## WORK INSTRUCTIONS
Restate word for word the lines of the entries below, starting with the line that holds "Birdwatching, în Delta Banatului" and ending with the line that holds "Pelican. The Image", and no others.

Start of EXERCISE INPUT

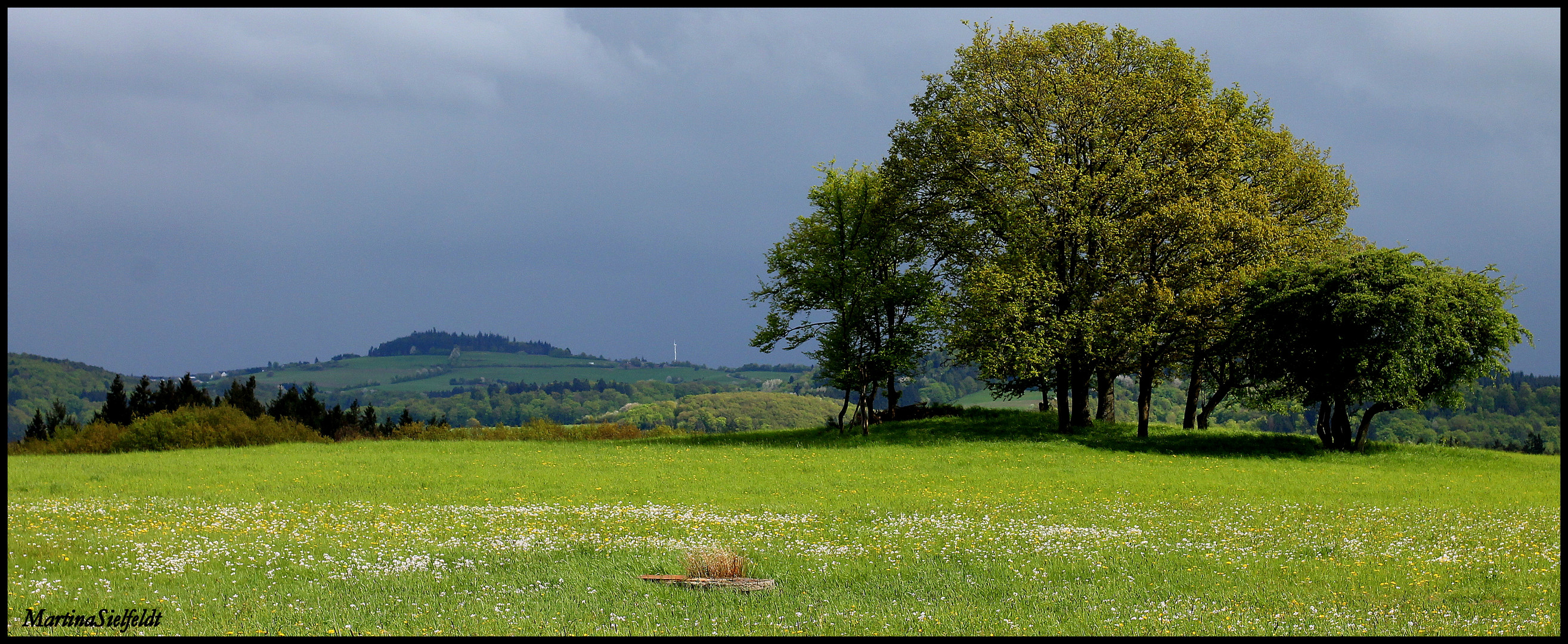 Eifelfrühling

End of EXERCISE INPUT
Start of EXERCISE INPUT

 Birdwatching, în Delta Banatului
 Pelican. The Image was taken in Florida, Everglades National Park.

End of EXERCISE INPUT

## EXERCISE OUTPUT
 Birdwatching, în Delta Banatului
 Pelican. The Image was taken in Florida, Everglades National Park.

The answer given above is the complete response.